[Opening Data records section]
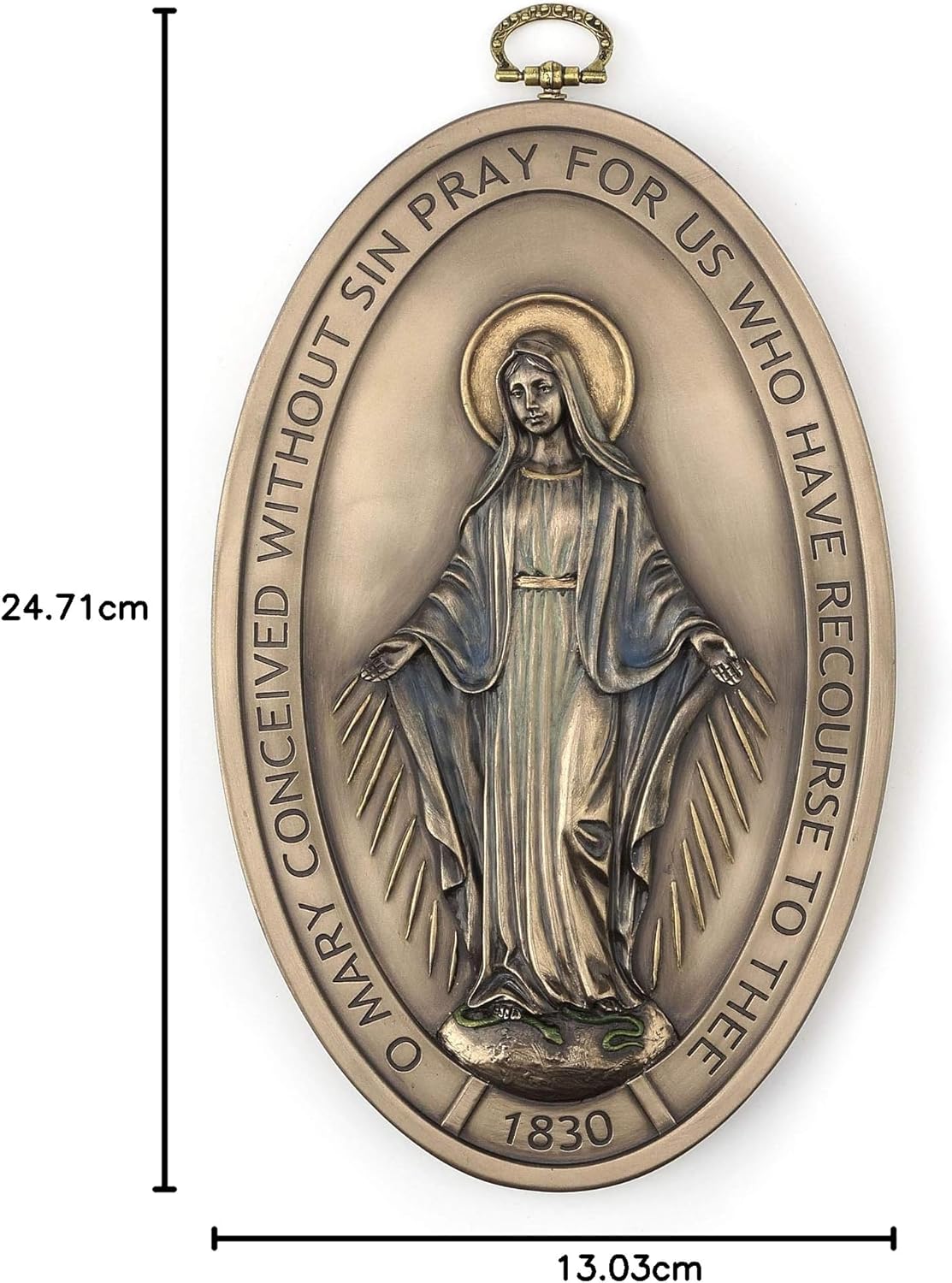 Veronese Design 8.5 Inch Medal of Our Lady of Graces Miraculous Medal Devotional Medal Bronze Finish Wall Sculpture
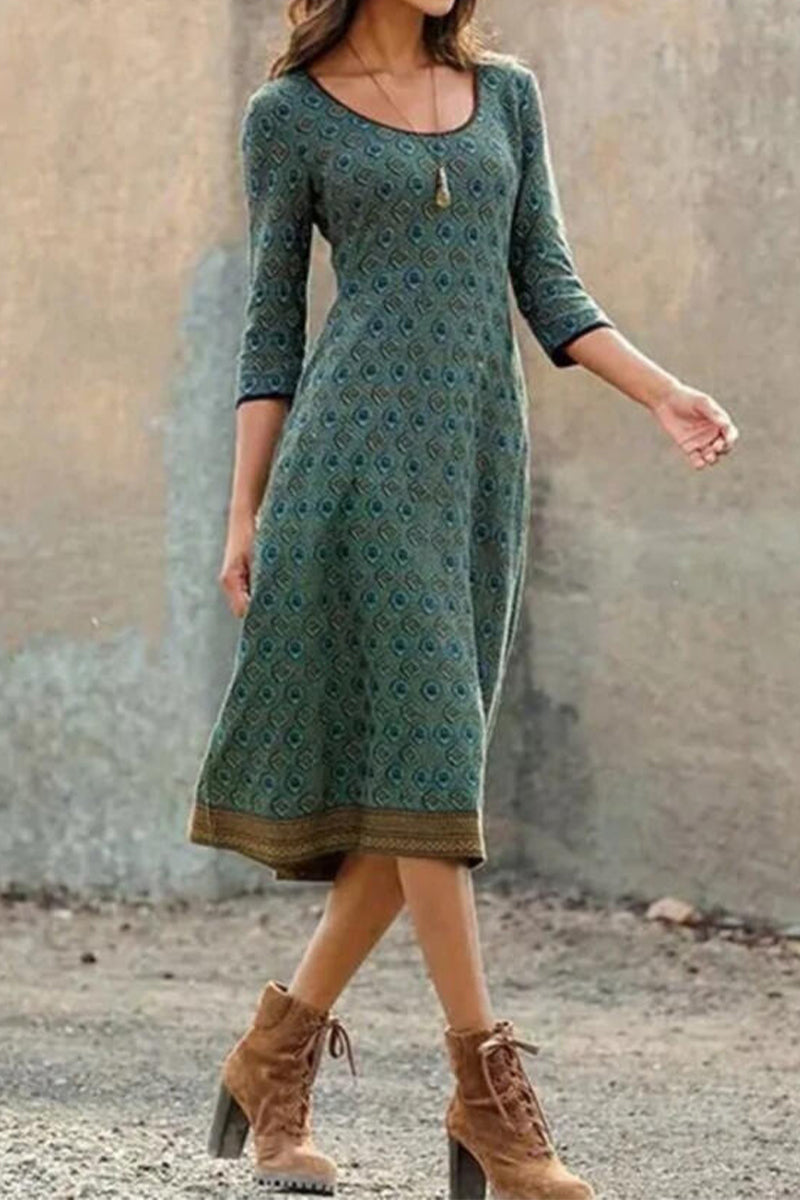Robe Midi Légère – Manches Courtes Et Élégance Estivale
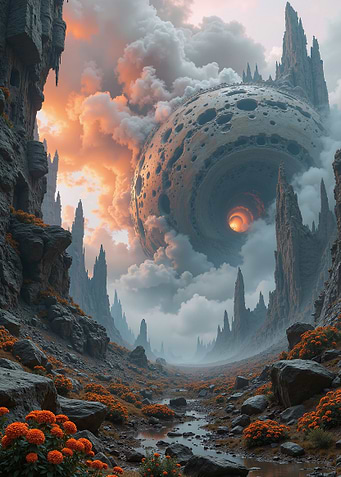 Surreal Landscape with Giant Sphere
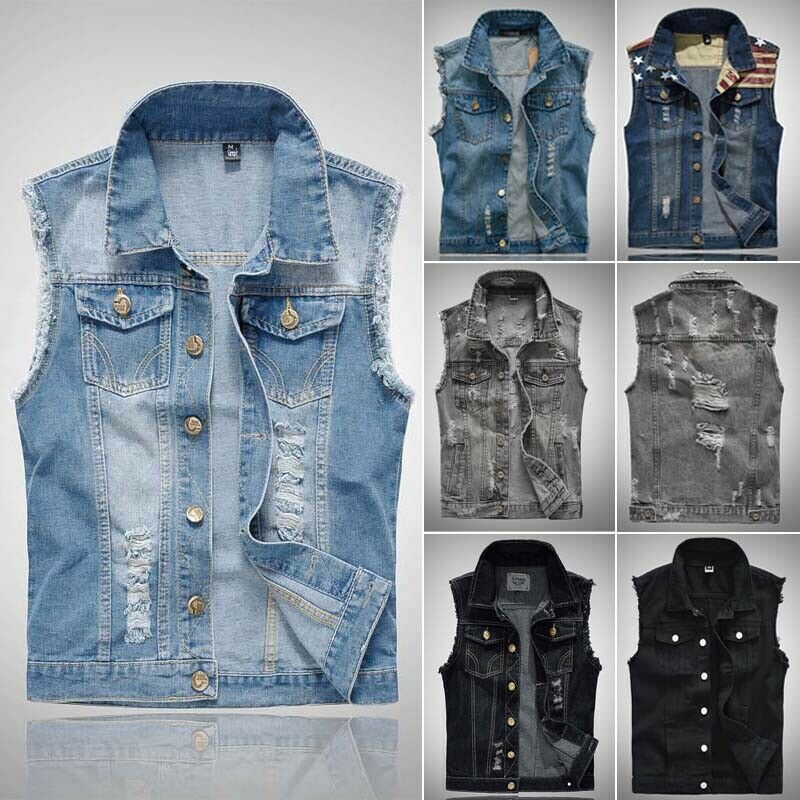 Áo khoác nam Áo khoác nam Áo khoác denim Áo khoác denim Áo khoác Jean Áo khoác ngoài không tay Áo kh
[Closing Data records section]
[Opening Data records section]
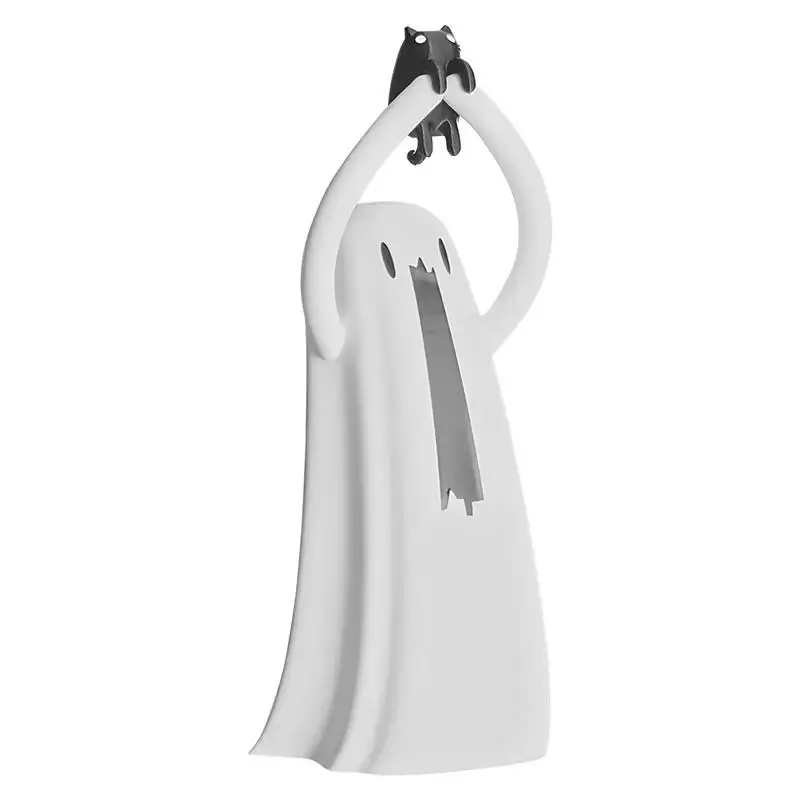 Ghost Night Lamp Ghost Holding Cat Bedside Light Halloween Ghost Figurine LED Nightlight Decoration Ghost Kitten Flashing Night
[Closing Data records section]
How to complete this task:
Write out the lines above from the one with "Robe Midi Légère" through the one with "Áo khoác nam Áo", ends included, exactly; no picture goes in.

Exercise output:
Robe Midi Légère – Manches Courtes Et Élégance Estivale
 Surreal Landscape with Giant Sphere
 Áo khoác nam Áo khoác nam Áo khoác denim Áo khoác denim Áo khoác Jean Áo khoác ngoài không tay Áo kh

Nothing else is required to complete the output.